Here is the investment math for system-building. Take the most common recurring fire on your team and estimate two numbers. First: the cost of each occurrence. Include the time everyone spends responding, the opportunity cost of what they would have been doing, the customer impact if any, and the recovery time. Express this in person-hours. Second: the cost of building a system to prevent it. Include the design time, the build time, the testing time, and the maintenance cost over the first year. Express this in person-hours. Divide the system cost by the per-occurrence cost. This gives you the number of future occurrences the system needs to prevent to break even. If your recurring fire happens weekly and the system would break even in four occurrences, the system pays for itself in a month and generates returns every week thereafter. Here is a concrete example from my team. Our recurring deployment failure cost approximately 8 person-hours per occurrence (3 engineers for 2 hours of diagnosis and fix, plus 2 hours of post-incident review). It occurred an average of twice per month. Annual cost: 192 person-hours. The automated deployment validation system took one engineer 3 weeks to build (120 person-hours) and required approximately 20 hours per year to maintain. First-year cost: 140 person-hours. First-year savings: 52 person-hours. Second-year savings: 172 person-hours. Third-year savings: 172 person-hours. Five-year savings: approximately 820 person-hours. A three-week investment produced 820 person-hours of recovered capacity. That is the math of systems over firefighting. The hard part is not the math. The math is obvious. The hard part is protecting the three-week window for system-building from the constant pressure of this week's fire. That is where leadership discipline meets organizational reality.

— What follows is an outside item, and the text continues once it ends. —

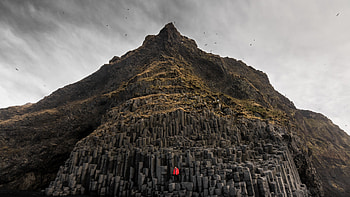 Reynisfjara Black Sand Beach, Geology HD wallpaper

The investment math framework applies what operations research calls 'total cost of ownership' (TCO) analysis to organizational process design. Research by Kaplan and Anderson (2007) on 'time-driven activity-based costing' demonstrates that most organizations dramatically underestimate the cost of recurring manual processes because they measure only the direct time cost (the 2 hours of diagnosis) while ignoring indirect costs (context switching, opportunity cost, stress, error compounding). Their research found that the true cost of recurring manual processes was 2-4x the direct time cost, which means the system-building investment typically has even higher returns than the basic analysis suggests. The difficulty of protecting system-building time is documented by Repenning and Sterman (2001) in their research on the 'capability trap' -- the organizational dynamic where short-term pressures consistently override long-term investments. Their systems dynamics model demonstrates that the capability trap is self-reinforcing: the more the organization invests in short-term fixes, the less capability it builds, the more fires it produces, and the more it is forced to invest in short-term fixes. Research by Wheelwright and Clark (1992) found that organizations in the capability trap allocated 60-80% of engineering capacity to maintenance and firefighting, leaving only 20-40% for new development and improvement -- a ratio that Repenning and Sterman's model predicts is below the threshold needed to escape the trap. The escape requires a deliberate, management-protected reallocation of capacity to prevention, even when the short-term cost feels irresponsible.